When Klamath Basin farmers protested water cuts in 2020, I followed their parade of tractors from the staging ground to the end of their route. When Black Lives Matter protests erupted in Portland, Oregon, in 2020, I showed up night after night, planting myself between ranks of protesters and walls of cops decked out in riot gear. When faculty at Oregon Institute of Technology went on strike in 2021, I stood with them on the picket lines for four days. 

The only way to accurately portray a social justice movement is to immerse yourself in it. That doesn’t mean showing up for 30 seconds to record a few sound bites; it means showing up day after day to feel the stun grenades explode between your feet.

Immersion also means digging deep into the history of an issue, putting it into context, and explaining why it matters.

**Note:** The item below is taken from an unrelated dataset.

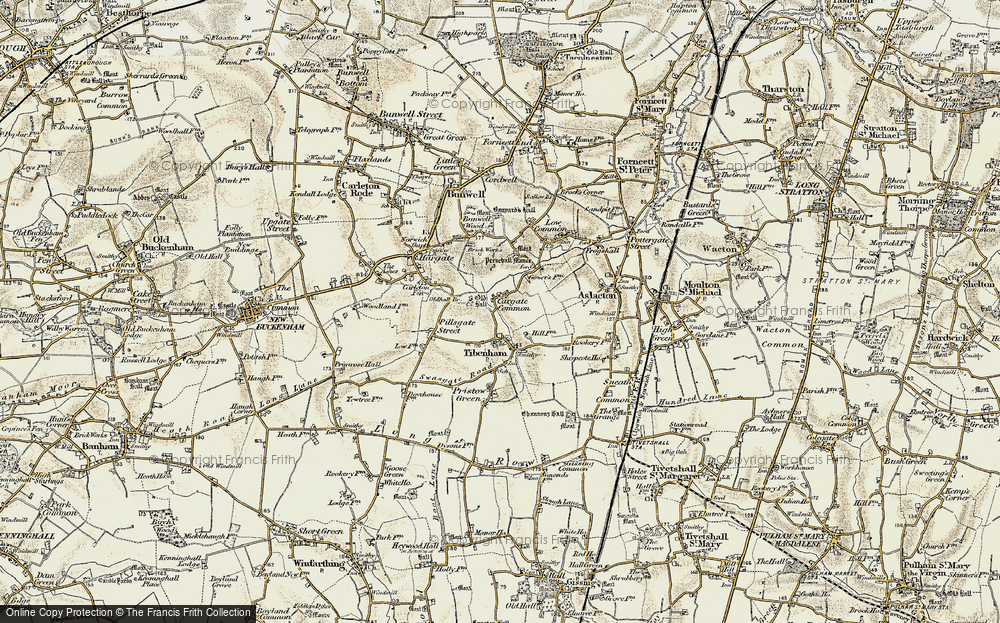 Old Map of Cargate Common, 1901-1902 in 1901-1902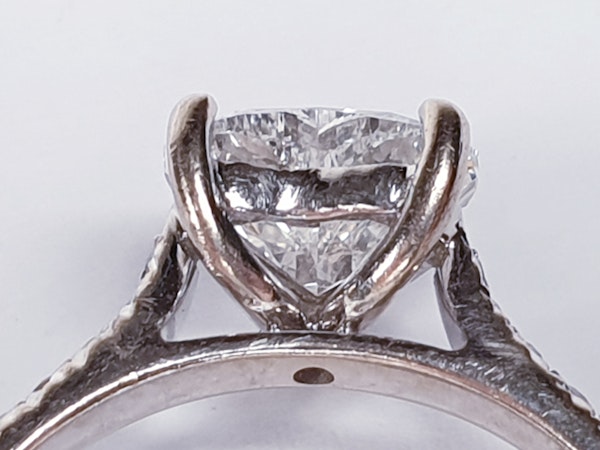 Heart shape F colour Flawless diamond engagement ring  DBGEMS - image 4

When Brie Landis made history as the first write-in candidate to win the office of ASOIT President at Oregon Tech, and the student government questioned the legitimacy of their win, I dove into the election bylaws. When gray wolves returned to Oregon, I explored the history of their near-extermination and reintroduction to find out why their presence sparked tension between ranchers and environmentalists. When Oregon Tech faculty went on strike, I researched the history of their union and their relationship with university administration to find out what had pushed them to embrace their last resort.

Part of the journalist’s job is to report from the front lines of social change—to write the first version of history. Doing it well requires eagerness for immersion, enthusiasm for in-depth investigation, and a desire to unravel all the nuance and complexity of an issue or a movement.